Transylvania’s Hateg Basin has produced a wealth of dinosaur specimens dating to the end of the Cretaceous Period more than 65 million years ago. One such specimen was a fossilized lower jaw recovered in the mid-2000s by the University of Bucharest’s Zoltán Csiki-Sava, an author on the current paper. At the time, Csiki-Sava identified the jawbones as those of a dwarf duck-billed dinosaur called Telmatosaurus transsylvanicus. The bones were small, even for a dwarf, which led the researchers to believe that their owner had died before reaching adulthood.

The specimen had another unusual feature: a bulge on its left side. To figure out what had caused that bulge without taking the specimen apart, Csiki-Sava and his colleagues brought the specimen to a micro-computed tomography (micro-CT) scanning facility in Switzerland.

Image credit: Dumbrava et al., 2016 in Scientific Reports

The scans revealed that the bump was an ameloblastoma, a type of non-cancerous facial tumor known to affect people and other mammals. Only last year did researchers find the first ameloblastoma in a snake.

Co-author Kate Acheson is a Ph.D. student at the University of Southampton in the UK. “This discovery is the first [ameloblastoma] described in the fossil record and the first to be thoroughly documented in a dwarf dinosaur,” she said in a press statement. “Telmatosaurus is known to be close to the root of the duck-billed dinosaur family tree, and the presence of such a deformity early in their evolution provides us with further evidence that the duck-billed dinosaurs were more prone to tumors than other dinosaurs.”

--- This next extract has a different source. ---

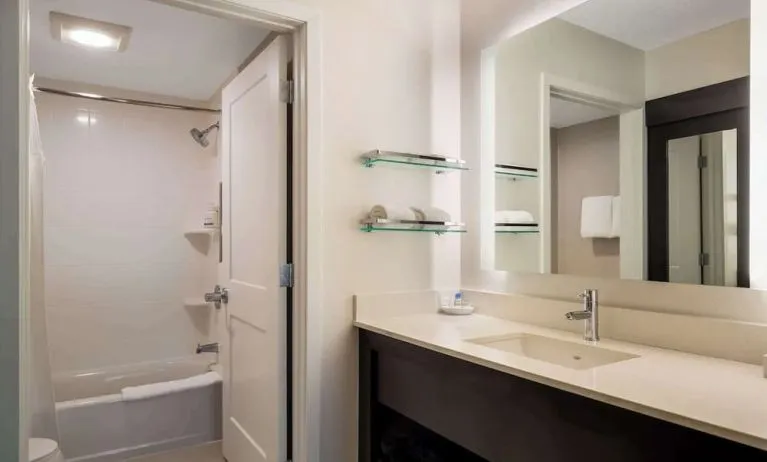 Private guest bathroom with combined shower and tub at Sonesta ES Suites Parsippany Morris Plains.
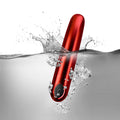 Rocks Off Ruby Caress Vibrator in a sleek, red design with smooth curves and ergonomic shape for comfortable use.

Was the tumor what killed this dinosaur? Probably not, but it wasn’t helping, says Csiki-Sava. “We know from modern examples that predators often attack a member of the herd that looks a little different or is even slightly disabled by a disease. The tumor in this dinosaur had not developed to its full extent at the moment it died, but it could have indirectly contributed to its early demise.”